So weit, so gut. Leider kommt es aber immer wieder zu Vorfällen, die abartig sind. Die Zündschnur ist bei einzelnen Leuten sehr kurz. Beleidigungen, Drohungen und sogar Gewalt sind die Folge, nicht nur beim Fußball. Sport ist ein Spiegelbild der Gesellschaft. Hass, Hetze, Gewalt und Vorurteile gegenüber verschiedenen Menschengruppen nehmen zu. Das ist so. Deshalb reicht es nicht, einzelne Leute zu bestrafen. Wieso spuckt jemand, wieso schlägt jemand? Ein Sportgericht kann dies nicht lösen.
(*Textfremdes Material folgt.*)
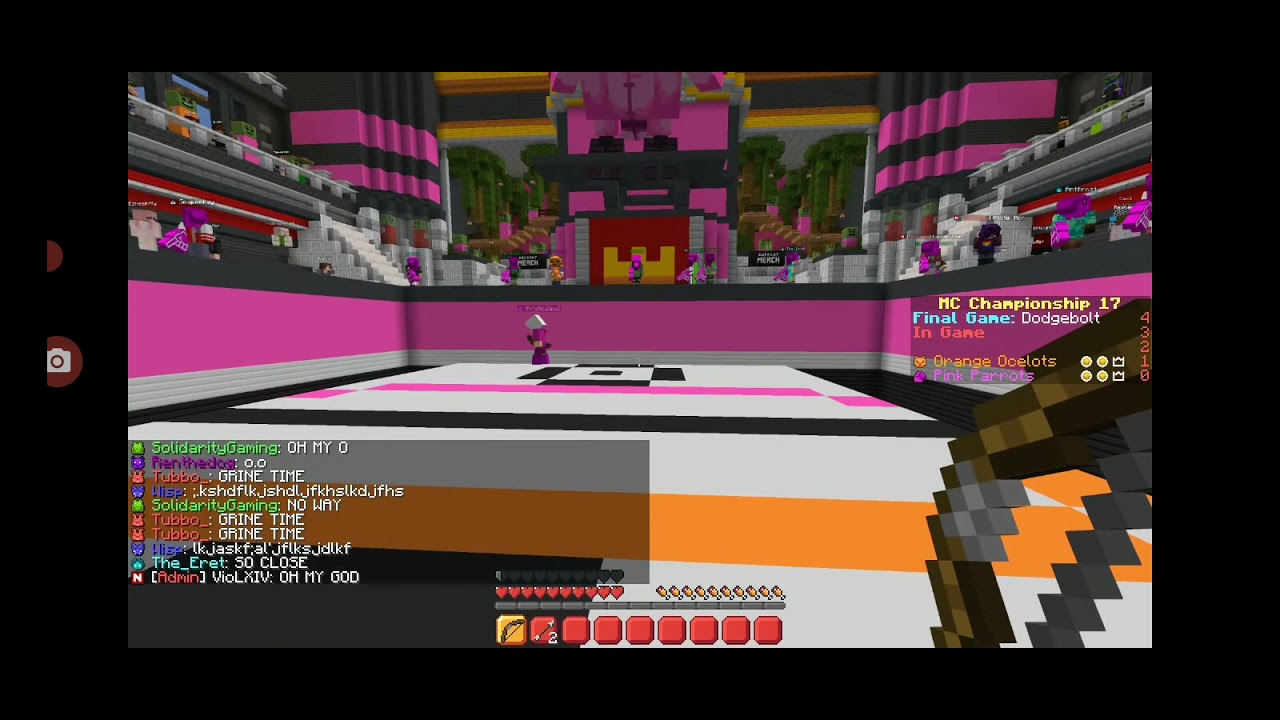 GRIAN 1 V 3 CLUTCH IN MINECRAFT CHAMPIONSHIP 17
Im konkreten Beispiel haben Dr. Stephan Dittl, Wilfried Olschewski und Sven Henneke ruhig, sachlich und im Sinne des Sports die Verhandlung geführt. Entsprechend gesittet ging es am Dienstagabend im "Gerichtssaal" zu. Dass es zwischen den Vereinen oder den anwesenden Spielern keine "Liebeserklärungen" gab, ist logisch. Schade, dass einige Protagonisten nicht erschienen sind. Hohe Luft hat seine Mannschaft zurückgezogen, auch in der Leitungsebene wird es Veränderungen geben. Der Verein liegt aktuell faktisch am Boden. Ein Verein, welcher seit Jahren Integrationsarbeit leistet, welcher sich den vielfältigen Herausforderungen stellt. Ein Verein, welcher zumindest aktuell gescheitert ist und sicher selbst Fehler gemacht hat. Aber wer macht keine Fehler? Mit dem vermutlichen Urteil kann der FSV vielleicht einen Schlussstrich machen und einen Neuanfang wagen. Doch wer hat in der heutigen Zeit überhaupt noch den Mut, die Kraft, einen Verein zu führen?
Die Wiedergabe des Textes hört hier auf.